ASSIGNMENT »
Look below for the line that has "Etiqueta para Lembrancinhas". Set down the lines from there through the line that has "Porte-clés Puerto Peñasco", exactly as written.

▬▬▬

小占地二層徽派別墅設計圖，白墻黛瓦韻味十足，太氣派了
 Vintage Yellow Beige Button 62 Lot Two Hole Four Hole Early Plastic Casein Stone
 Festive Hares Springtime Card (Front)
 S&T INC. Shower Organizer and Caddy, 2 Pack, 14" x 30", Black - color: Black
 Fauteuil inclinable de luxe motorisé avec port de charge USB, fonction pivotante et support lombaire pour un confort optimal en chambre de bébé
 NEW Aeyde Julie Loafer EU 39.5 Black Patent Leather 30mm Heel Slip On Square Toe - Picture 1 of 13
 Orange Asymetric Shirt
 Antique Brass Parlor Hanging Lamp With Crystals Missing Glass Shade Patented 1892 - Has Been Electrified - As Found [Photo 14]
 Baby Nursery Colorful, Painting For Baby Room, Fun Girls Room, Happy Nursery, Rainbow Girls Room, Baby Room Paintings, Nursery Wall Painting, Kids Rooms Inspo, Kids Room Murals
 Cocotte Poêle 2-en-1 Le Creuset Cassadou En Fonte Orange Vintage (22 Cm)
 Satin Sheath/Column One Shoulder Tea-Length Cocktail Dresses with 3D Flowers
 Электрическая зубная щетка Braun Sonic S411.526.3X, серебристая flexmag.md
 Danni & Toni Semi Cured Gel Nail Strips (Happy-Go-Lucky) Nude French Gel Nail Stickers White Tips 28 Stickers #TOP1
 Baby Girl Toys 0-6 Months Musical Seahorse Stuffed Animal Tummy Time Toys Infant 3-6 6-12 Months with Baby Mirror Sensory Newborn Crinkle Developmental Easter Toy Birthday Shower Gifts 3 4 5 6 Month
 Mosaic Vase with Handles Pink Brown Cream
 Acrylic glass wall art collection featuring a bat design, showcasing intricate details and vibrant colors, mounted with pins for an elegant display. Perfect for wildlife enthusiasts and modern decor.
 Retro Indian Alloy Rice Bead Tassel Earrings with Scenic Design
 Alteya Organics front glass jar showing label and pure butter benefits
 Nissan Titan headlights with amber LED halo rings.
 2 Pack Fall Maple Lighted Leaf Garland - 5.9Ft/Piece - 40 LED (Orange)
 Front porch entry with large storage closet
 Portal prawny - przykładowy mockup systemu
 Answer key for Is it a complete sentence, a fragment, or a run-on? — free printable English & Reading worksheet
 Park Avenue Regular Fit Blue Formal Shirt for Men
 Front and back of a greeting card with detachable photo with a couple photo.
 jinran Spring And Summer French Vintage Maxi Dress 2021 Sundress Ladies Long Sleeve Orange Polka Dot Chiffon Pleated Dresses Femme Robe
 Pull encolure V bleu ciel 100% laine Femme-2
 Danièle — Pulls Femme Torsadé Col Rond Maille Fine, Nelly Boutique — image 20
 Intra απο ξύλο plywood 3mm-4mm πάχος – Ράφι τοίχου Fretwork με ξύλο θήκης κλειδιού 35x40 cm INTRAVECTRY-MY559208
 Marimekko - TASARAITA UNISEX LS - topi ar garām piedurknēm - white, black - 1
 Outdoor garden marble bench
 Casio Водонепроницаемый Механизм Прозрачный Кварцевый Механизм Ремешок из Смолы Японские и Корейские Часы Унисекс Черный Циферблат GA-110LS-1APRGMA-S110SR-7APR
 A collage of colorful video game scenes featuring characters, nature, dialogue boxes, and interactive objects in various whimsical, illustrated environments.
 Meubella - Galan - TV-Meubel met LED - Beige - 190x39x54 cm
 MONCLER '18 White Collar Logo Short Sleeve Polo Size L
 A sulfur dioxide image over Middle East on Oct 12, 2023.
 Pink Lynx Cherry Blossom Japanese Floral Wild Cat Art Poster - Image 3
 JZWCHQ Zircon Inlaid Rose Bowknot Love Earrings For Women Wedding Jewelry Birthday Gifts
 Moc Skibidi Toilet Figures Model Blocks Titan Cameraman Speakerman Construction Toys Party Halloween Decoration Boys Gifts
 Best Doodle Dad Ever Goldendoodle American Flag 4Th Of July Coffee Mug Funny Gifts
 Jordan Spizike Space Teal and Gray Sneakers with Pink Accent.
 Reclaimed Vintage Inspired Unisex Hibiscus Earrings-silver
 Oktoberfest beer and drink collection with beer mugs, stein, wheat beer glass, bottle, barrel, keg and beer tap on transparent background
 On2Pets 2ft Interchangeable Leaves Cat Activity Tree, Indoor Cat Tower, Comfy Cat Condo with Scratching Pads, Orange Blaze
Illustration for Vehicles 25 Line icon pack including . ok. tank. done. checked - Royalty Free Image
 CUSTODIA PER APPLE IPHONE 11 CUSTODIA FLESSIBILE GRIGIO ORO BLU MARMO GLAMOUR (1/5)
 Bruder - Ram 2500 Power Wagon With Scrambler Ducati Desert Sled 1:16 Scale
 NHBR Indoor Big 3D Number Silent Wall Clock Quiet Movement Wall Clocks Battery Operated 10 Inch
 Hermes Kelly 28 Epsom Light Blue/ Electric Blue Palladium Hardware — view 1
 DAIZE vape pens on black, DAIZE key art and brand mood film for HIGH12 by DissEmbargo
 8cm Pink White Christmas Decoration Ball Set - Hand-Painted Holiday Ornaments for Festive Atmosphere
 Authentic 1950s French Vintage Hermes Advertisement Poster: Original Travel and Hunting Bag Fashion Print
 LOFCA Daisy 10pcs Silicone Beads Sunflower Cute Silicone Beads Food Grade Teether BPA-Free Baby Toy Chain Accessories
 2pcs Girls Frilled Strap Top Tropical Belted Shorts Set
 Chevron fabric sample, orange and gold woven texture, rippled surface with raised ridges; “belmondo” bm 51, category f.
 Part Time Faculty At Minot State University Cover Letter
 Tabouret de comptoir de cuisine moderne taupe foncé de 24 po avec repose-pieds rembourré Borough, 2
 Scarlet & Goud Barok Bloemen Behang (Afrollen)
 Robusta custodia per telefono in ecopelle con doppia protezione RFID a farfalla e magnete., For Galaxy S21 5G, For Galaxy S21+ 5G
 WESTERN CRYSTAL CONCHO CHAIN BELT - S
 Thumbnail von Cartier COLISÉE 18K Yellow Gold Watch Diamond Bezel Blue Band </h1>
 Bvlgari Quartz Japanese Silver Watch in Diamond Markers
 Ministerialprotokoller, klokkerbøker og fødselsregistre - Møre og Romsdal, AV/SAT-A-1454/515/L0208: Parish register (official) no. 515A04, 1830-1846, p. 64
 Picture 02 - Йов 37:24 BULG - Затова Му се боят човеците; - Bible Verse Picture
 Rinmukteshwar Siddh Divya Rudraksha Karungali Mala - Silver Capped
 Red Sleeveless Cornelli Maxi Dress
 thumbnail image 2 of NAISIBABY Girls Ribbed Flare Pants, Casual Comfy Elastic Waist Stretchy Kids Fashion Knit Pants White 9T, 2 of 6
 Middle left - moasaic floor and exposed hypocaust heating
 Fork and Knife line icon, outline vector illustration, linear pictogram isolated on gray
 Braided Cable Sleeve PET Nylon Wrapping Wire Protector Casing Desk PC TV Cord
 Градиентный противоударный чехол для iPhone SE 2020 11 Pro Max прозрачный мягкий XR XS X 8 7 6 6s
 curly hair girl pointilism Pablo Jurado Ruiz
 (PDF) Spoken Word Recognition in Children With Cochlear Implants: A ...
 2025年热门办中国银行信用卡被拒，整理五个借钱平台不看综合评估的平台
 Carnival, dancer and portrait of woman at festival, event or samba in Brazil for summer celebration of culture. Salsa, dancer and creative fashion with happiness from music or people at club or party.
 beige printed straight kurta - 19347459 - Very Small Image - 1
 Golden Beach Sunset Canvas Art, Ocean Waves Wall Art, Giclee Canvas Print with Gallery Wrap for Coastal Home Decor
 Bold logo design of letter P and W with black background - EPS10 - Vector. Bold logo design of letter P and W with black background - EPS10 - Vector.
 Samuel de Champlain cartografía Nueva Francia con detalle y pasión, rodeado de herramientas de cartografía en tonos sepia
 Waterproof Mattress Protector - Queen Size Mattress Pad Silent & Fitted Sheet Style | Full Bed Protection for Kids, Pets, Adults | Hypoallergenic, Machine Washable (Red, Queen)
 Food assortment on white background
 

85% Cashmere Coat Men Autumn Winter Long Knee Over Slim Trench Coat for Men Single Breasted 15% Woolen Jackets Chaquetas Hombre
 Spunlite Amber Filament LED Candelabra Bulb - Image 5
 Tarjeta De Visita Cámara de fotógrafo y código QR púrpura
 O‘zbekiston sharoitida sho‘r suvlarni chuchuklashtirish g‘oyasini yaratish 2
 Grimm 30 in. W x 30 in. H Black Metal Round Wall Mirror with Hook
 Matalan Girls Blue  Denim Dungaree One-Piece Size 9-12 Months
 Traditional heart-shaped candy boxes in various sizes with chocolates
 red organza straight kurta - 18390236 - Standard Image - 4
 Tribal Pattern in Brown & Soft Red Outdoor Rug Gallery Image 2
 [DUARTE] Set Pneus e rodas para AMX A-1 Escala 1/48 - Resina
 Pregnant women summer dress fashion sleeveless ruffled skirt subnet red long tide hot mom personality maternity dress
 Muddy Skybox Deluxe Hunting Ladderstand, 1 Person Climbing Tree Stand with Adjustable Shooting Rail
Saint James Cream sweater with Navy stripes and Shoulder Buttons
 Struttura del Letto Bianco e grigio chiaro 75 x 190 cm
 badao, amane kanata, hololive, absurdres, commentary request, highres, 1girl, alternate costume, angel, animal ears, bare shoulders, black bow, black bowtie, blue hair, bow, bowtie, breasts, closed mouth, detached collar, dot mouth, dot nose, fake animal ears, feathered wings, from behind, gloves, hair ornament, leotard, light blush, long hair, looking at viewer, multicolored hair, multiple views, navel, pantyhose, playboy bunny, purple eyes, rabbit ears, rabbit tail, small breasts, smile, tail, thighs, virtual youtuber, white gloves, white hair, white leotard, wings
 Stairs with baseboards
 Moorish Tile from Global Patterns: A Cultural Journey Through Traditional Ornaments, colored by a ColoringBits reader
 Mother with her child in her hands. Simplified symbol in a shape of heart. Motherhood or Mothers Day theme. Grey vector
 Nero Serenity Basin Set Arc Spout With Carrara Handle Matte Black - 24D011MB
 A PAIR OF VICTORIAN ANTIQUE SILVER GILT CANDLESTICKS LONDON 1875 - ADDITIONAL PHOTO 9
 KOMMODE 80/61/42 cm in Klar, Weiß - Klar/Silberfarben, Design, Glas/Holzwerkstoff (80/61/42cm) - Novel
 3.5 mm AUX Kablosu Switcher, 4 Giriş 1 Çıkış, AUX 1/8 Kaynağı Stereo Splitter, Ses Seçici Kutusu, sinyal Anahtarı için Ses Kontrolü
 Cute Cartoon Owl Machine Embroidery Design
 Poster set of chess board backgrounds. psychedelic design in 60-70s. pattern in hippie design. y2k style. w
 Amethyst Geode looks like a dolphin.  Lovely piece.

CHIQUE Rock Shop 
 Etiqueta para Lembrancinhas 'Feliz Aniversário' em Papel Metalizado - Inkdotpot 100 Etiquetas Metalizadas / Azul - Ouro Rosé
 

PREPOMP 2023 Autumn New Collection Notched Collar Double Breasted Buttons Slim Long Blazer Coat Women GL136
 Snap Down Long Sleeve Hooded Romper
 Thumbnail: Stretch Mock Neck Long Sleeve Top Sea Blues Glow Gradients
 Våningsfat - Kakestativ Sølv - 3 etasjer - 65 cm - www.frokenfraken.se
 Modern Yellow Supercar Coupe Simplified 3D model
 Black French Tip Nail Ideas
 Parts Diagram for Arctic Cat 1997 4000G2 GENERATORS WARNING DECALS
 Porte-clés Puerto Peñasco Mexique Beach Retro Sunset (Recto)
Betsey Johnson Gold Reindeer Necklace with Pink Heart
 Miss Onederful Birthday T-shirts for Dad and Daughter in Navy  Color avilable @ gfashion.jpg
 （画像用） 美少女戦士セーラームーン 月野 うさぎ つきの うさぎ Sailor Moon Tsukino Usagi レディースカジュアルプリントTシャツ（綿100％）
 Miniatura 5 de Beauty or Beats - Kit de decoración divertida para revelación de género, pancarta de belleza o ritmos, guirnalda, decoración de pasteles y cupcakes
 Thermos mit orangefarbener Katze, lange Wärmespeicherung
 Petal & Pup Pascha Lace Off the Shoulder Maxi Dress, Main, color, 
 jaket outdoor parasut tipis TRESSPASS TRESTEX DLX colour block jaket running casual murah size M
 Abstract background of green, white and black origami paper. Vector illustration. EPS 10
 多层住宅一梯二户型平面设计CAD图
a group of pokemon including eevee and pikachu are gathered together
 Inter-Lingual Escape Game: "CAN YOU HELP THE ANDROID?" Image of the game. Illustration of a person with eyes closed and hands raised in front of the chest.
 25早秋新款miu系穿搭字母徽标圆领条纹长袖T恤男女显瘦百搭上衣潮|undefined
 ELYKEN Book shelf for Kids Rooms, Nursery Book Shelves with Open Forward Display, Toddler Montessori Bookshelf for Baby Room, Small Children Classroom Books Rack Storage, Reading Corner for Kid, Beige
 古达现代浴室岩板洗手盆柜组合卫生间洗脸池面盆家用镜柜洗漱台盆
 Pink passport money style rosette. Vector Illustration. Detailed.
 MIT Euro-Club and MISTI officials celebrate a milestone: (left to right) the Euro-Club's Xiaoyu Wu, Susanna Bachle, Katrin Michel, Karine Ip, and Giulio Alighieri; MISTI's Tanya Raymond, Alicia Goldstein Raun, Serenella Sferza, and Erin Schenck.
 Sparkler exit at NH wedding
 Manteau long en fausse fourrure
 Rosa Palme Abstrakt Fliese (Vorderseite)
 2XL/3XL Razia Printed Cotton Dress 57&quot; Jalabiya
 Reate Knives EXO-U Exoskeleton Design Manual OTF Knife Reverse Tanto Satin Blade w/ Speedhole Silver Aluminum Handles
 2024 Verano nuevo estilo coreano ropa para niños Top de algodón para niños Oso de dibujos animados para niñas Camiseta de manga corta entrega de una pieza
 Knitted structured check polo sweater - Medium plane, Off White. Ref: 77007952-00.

▬▬▬

OUTPUT FOR THIS TASK »
 Etiqueta para Lembrancinhas 'Feliz Aniversário' em Papel Metalizado - Inkdotpot 100 Etiquetas Metalizadas / Azul - Ouro Rosé
 

PREPOMP 2023 Autumn New Collection Notched Collar Double Breasted Buttons Slim Long Blazer Coat Women GL136
 Snap Down Long Sleeve Hooded Romper
 Thumbnail: Stretch Mock Neck Long Sleeve Top Sea Blues Glow Gradients
 Våningsfat - Kakestativ Sølv - 3 etasjer - 65 cm - www.frokenfraken.se
 Modern Yellow Supercar Coupe Simplified 3D model
 Black French Tip Nail Ideas
 Parts Diagram for Arctic Cat 1997 4000G2 GENERATORS WARNING DECALS
 Porte-clés Puerto Peñasco Mexique Beach Retro Sunset (Recto)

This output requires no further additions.